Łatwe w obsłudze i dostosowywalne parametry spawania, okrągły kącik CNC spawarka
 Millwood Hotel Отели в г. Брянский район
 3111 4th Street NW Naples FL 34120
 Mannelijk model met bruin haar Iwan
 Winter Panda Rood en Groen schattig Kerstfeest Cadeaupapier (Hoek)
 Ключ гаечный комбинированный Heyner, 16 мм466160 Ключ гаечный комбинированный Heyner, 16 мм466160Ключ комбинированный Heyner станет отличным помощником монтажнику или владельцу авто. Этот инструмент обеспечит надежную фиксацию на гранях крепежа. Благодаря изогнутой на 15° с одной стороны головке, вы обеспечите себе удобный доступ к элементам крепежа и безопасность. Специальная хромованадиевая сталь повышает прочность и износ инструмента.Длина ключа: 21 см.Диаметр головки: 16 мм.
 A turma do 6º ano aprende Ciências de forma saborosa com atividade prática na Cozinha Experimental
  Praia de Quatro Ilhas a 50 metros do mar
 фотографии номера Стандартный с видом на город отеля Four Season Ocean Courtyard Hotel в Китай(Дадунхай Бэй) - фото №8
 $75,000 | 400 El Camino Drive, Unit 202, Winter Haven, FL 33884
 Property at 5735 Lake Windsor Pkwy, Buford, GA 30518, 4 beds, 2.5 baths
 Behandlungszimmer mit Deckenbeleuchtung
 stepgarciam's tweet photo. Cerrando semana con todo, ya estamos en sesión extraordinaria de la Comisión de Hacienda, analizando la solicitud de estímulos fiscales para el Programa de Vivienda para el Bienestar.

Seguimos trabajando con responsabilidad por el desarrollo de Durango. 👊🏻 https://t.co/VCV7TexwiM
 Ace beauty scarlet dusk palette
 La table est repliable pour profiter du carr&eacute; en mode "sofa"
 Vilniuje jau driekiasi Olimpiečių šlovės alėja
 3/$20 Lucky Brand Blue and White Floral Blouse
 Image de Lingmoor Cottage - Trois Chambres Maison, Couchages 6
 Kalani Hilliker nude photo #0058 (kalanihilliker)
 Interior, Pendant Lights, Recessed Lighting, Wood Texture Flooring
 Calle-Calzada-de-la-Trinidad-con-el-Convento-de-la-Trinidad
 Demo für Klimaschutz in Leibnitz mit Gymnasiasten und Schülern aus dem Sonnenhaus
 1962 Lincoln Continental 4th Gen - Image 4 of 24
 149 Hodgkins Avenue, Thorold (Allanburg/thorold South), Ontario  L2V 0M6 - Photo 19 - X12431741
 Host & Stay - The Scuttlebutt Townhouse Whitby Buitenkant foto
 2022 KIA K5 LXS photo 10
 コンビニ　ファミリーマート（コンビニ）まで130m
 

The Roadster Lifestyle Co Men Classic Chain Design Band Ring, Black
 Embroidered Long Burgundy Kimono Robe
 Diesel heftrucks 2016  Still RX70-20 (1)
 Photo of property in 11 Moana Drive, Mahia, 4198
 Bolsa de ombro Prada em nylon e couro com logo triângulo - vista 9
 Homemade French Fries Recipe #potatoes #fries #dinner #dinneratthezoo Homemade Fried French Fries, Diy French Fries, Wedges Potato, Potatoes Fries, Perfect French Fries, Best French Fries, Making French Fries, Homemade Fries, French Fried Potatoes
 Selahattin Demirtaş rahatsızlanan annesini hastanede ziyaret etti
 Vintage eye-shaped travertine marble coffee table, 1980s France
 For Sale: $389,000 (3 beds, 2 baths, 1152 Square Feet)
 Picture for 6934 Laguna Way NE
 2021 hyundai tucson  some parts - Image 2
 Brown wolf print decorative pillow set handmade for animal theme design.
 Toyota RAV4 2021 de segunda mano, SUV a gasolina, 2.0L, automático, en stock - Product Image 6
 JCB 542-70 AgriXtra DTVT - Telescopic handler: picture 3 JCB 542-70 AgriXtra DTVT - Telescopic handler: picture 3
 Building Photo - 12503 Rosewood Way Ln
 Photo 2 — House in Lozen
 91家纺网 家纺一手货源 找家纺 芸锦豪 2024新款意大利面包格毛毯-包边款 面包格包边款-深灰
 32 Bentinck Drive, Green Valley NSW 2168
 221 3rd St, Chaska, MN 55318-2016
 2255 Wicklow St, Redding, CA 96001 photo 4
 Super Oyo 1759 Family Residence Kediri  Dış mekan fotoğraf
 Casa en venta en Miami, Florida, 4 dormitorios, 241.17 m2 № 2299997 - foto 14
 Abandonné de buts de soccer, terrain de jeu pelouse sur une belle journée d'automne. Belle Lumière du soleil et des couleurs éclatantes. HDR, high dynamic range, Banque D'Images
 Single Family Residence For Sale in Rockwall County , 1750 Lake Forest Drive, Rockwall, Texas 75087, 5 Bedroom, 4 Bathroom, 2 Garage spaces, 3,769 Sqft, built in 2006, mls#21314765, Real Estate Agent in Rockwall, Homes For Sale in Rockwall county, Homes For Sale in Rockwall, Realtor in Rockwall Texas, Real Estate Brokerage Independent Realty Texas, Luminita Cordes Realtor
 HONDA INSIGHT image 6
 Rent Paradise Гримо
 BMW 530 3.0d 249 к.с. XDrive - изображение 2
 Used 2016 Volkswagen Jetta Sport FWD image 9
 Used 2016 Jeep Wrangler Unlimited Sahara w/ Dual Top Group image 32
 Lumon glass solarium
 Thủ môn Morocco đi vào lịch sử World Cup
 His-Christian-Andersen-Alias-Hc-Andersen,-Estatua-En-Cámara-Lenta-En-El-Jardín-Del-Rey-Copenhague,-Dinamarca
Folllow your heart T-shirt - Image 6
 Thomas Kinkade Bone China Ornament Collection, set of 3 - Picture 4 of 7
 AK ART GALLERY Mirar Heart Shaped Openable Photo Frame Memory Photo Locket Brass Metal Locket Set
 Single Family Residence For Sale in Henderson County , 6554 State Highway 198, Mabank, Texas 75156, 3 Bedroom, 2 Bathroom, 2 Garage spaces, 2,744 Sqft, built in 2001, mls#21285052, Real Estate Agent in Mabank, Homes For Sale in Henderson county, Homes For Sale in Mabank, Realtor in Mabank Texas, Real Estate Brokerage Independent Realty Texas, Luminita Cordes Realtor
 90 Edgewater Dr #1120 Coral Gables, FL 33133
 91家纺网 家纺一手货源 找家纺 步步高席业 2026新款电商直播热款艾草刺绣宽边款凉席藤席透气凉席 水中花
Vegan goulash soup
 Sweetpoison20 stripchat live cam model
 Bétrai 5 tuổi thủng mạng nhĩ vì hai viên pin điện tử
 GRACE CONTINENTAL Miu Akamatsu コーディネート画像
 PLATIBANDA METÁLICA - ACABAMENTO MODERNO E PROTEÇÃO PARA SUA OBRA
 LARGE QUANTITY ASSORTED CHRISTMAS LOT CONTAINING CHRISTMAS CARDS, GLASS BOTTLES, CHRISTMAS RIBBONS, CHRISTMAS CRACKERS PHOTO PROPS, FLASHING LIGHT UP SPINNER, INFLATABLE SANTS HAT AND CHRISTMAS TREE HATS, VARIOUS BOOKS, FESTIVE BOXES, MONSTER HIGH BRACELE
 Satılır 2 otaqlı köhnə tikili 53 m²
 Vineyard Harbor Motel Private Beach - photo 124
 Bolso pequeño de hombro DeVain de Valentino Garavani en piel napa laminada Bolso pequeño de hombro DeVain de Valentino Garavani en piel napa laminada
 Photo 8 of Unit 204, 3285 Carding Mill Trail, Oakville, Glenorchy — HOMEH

=-=-=-=-=

## TRY IT
Send back an exact copy of only the lines from the line with "Building Photo - 12503 Rosewood Way Ln" up to and including the line with "90 Edgewater Dr #1120 Coral Gables, FL 33133" in the data above.

## REPLY
 Building Photo - 12503 Rosewood Way Ln
 Photo 2 — House in Lozen
 91家纺网 家纺一手货源 找家纺 芸锦豪 2024新款意大利面包格毛毯-包边款 面包格包边款-深灰
 32 Bentinck Drive, Green Valley NSW 2168
 221 3rd St, Chaska, MN 55318-2016
 2255 Wicklow St, Redding, CA 96001 photo 4
 Super Oyo 1759 Family Residence Kediri  Dış mekan fotoğraf
 Casa en venta en Miami, Florida, 4 dormitorios, 241.17 m2 № 2299997 - foto 14
 Abandonné de buts de soccer, terrain de jeu pelouse sur une belle journée d'automne. Belle Lumière du soleil et des couleurs éclatantes. HDR, high dynamic range, Banque D'Images
 Single Family Residence For Sale in Rockwall County , 1750 Lake Forest Drive, Rockwall, Texas 75087, 5 Bedroom, 4 Bathroom, 2 Garage spaces, 3,769 Sqft, built in 2006, mls#21314765, Real Estate Agent in Rockwall, Homes For Sale in Rockwall county, Homes For Sale in Rockwall, Realtor in Rockwall Texas, Real Estate Brokerage Independent Realty Texas, Luminita Cordes Realtor
 HONDA INSIGHT image 6
 Rent Paradise Гримо
 BMW 530 3.0d 249 к.с. XDrive - изображение 2
 Used 2016 Volkswagen Jetta Sport FWD image 9
 Used 2016 Jeep Wrangler Unlimited Sahara w/ Dual Top Group image 32
 Lumon glass solarium
 Thủ môn Morocco đi vào lịch sử World Cup
 His-Christian-Andersen-Alias-Hc-Andersen,-Estatua-En-Cámara-Lenta-En-El-Jardín-Del-Rey-Copenhague,-Dinamarca
Folllow your heart T-shirt - Image 6
 Thomas Kinkade Bone China Ornament Collection, set of 3 - Picture 4 of 7
 AK ART GALLERY Mirar Heart Shaped Openable Photo Frame Memory Photo Locket Brass Metal Locket Set
 Single Family Residence For Sale in Henderson County , 6554 State Highway 198, Mabank, Texas 75156, 3 Bedroom, 2 Bathroom, 2 Garage spaces, 2,744 Sqft, built in 2001, mls#21285052, Real Estate Agent in Mabank, Homes For Sale in Henderson county, Homes For Sale in Mabank, Realtor in Mabank Texas, Real Estate Brokerage Independent Realty Texas, Luminita Cordes Realtor
 90 Edgewater Dr #1120 Coral Gables, FL 33133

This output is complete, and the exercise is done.